LOS ANGELES — Under pressure to limit contagion from the British phone hacking scandal, Rupert Murdoch’s News Corp. said Tuesday that it is considering splitting into two publicly traded companies.
The move comes as Britain’s communications regulator, Ofcom, enters the final stages of its review of whether satellite TV firm British Sky Broadcasting — of which News Corp. holds a 39 percent stake — is “fit and proper” to hold a broadcast license.
The separation of News Corp.’s tainted newspaper division from the lucrative TV and movie assets might appease regulators, analysts said.
“I’m not saying it completely ameliorates Ofcom’s concerns. But I think it helps,” said Canaccord Genuity analyst Tom Eagan.
British investigators have been probing allegations that News Corp.’s U.K. newspaper journalists hacked into phones and bribed public officials in the hunt for scoops. The probe has caused the company to abandon its bid for full control of British Sky Broadcasting. A split could help the company avoid being forced to sell off its remaining stake in BSkyB, worth some $6.9 billion.
The media conglomerate did not specify Tuesday which businesses each company would contain.

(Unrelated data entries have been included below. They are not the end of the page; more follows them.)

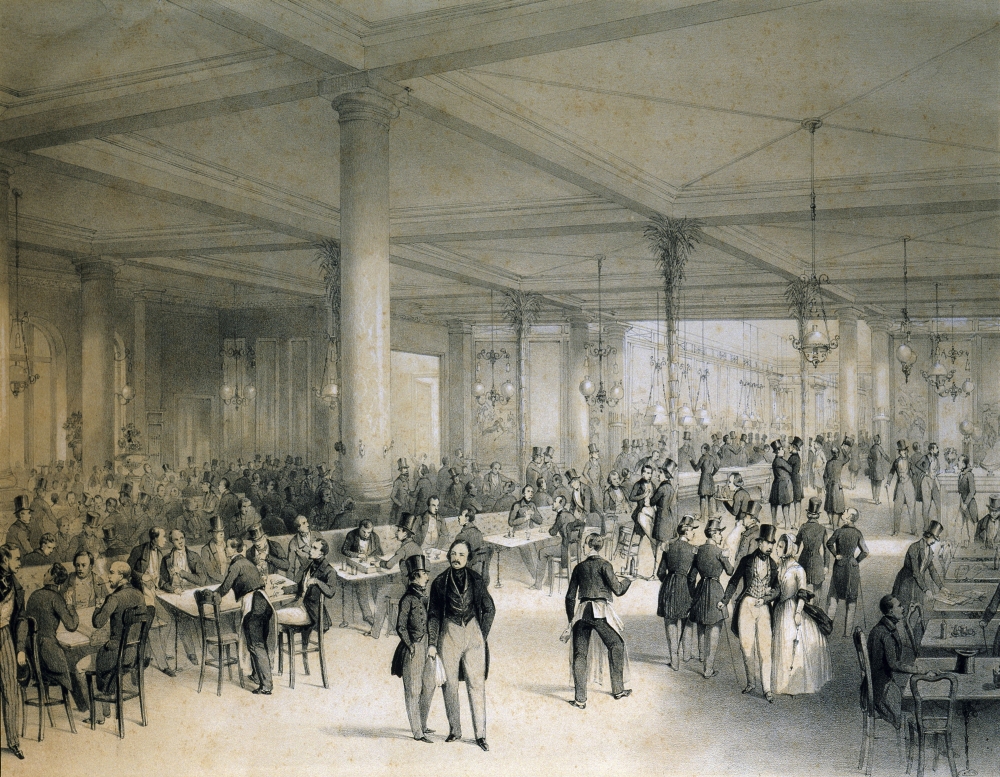 Engraving Canvas Art - (24 x 18)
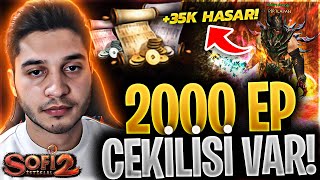 HAFTALIK YAYINCI EPİYLE NESNE MARKETE DALDIM 2000EP ÇEKİLİŞİ GELİŞİM REHBERİ sofi2 [upl. by Anonyw246]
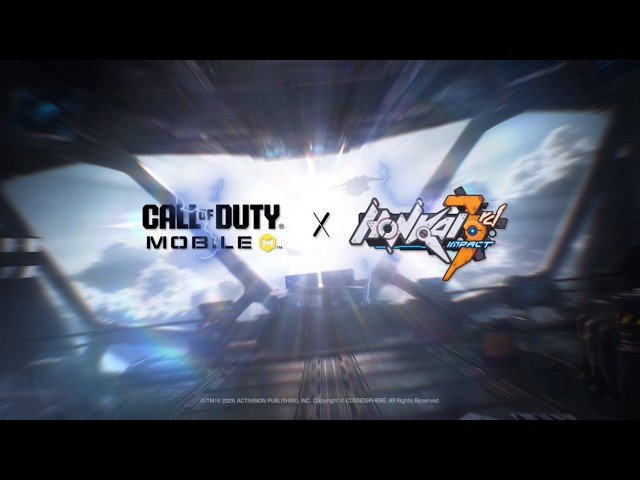 Call of Duty®: Mobile x Honkai Impact 3rd - Official Logo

The Wall Street Journal, News Corp.’s flagship newspaper, reported late Monday that the company is considering separating the newspaper and book publishing businesses from the entertainment arm, which includes Fox News Channel, its broadcast TV network and the 20th Century Fox movie studio.
The entertainment arm is far more profitable. It accounted for about 75 percent of the company’s revenue and nearly all of the operating profit in the first nine months of the fiscal year.
Bernstein analyst Todd Juenger said in a research note the split would allow the company to invest more in the growing entertainment field “without the baggage of publishing.”
Investors welcomed the news. News Corp.’s stock hit a new 52-week high, rising $1.27, or 6.3 percent, to $21.35 in midday trading.
A former News Corp. executive familiar with internal company deliberations says such a split has been talked about for years, although discussions gained new momentum in the wake of the phone hacking scandal which erupted last July.
The split would allow Murdoch to keep control of his prized publishing operations through his voting shares while pleasing investors who have viewed the newspapers as a drag on shareholder value.
The 81-year-old billionaire built the company from a single Australian newspaper he inherited from his father. The Murdoch family controls about 40 percent of News Corp.’s voting shares.
The former executive, who spoke on condition of anonymity in order to speak candidly about internal company deliberations, said no final decision has been made.
Publishing assets estimated at $5B
Evercore Partners analyst Alan Gould said the publishing assets, which include Dow Jones & Co. and newspapers such as The Times of London, could be worth about $5 billion. Without them, he estimated revenue growth of the bigger TV and movie entity would nearly double to about 7 percent a year.
It is unclear if the spun-off publishing unit would also bear the legal costs of the U.K. probe. In the first nine months of the fiscal year, probe costs have totaled $167 million.
The point of a split is not to create a smaller company “that would just wither and die,” Eagan said. It would have to contain enough profitable businesses to attract investors.
Eagan pointed to the successful spin-off of cable TV giant Time Warner Cable Inc. from the entertainment company Time Warner Inc. in March 2009. Because the cable division was more willing to pay out dividends and buy back shares, its stock price has more than tripled since then. Meanwhile, Time Warner’s stock price has doubled.
Time Warner shareholders were granted stakes in both separated companies, but “overall you are better off” with the split, Eagan said.
The problem for News Corp. isn’t just that newspapers and books make less money than television and film. It’s also that investors value the earnings from each differently. They are willing to pay less for a single dollar of earnings from the former than they are for a single dollar of earnings from the latter.
On Monday, investors buying News Corp. stock were paying the equivalent of $5.80 for every $1 of operating earnings that the combined company is expected to generate this year, according to Gould. That is 20 percent lower, or $1.50 less, than investors are paying for more pure play TV and film companies like CBS Corp. and Viacom Inc.
Do the math on News Corp.’s expected $6.6 billion in operating earnings this year, and that means the company is being valued $10 billion less than its TV and film rivals. Gould says the idea behind the split is to capture some of that $10 billion, and he thinks the company could do it. He is recommending that his investing clients buy the stock.